When you create an MLflow model using the MLflow Tracking APIs, for instance, mlflow.pytorch.log_model()
,
MLflow automatically infers the required dependencies for the model flavor you're using and records them as a part of Model metadata. Then, when you
serve the model for prediction, MLflow automatically installs the dependencies to the environment. Therefore, you normally won't need to
worry about managing dependencies in MLflow Model.
However, in some cases, you may need to add or modify some dependencies. This page provides a high-level description of how MLflow manages dependencies and guidance for how to customize dependencies for your use case.
One tip for improving MLflow's dependency inference accuracy is to add an input_example
when saving your model. This enables MLflow to
perform a model prediction before saving the model, thereby capturing the dependencies used during the prediction.
Please refer to Model Input Example for additional, detailed usage of this parameter.

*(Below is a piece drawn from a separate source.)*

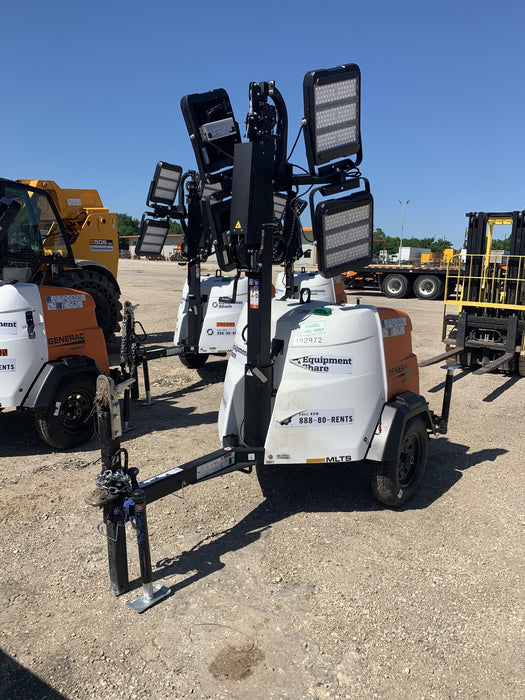 2024 Generac MLT2 Diesel, Flex Switch 120V Input, Powerzone Controller, 
(4) 320W LED Lights, 4kW Generator, 39.9 Gal Fuel Tank, 2" Ball, T3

- How MLflow Records Model Dependencies
- Adding Extra Dependencies to an MLflow Model
- Defining All Dependencies by Yourself
- Saving Extra Code dependencies with an MLflow Model - Automatic inference
- Saving Extra Code with an MLflow Model - Manual Declaration
- Validating Environment for Prediction
- Troubleshooting
How MLflow Records Model Dependencies
An MLflow Model is saved within a specified directory with the following structure:
my_model/
├── MLmodel
├── model.pkl
├── conda.yaml
├── python_env.yaml
└── requirements.txt
Model dependencies are defined by the following files (For other files, please refer to the guidance provided in the section discussing Storage Format):
python_env.yaml
- This file contains the information required to restore the model environment using virtualenv (1) python version (2) build tools like pip, setuptools, and wheel (3) pip requirements of the model (a reference to requirements.txt)requirements.txt
- Defines the set of pip dependencies required to run the model.conda.yaml
- Defines the conda environment required to run the model. This is used when you specifyconda
as the environment manager for restoring the model environment.

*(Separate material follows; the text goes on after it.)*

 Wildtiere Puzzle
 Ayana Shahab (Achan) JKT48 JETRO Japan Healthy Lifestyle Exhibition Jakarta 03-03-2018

Please note that it is not recommended to edit these files manually to add or remove dependencies. They are automatically generated by MLflow and any change you make manually will be overwritten when you save the model again. Instead, you should use one of the recommended methods described in the following sections.
Locking Model Dependencies with MLFLOW_LOCK_MODEL_DEPENDENCIES
Available since MLflow 2.16.0
MLflow can automatically lock both direct and transitive model dependencies to their exact versions when logging a model. This ensures reproducibility by capturing the complete dependency tree at the time of model creation.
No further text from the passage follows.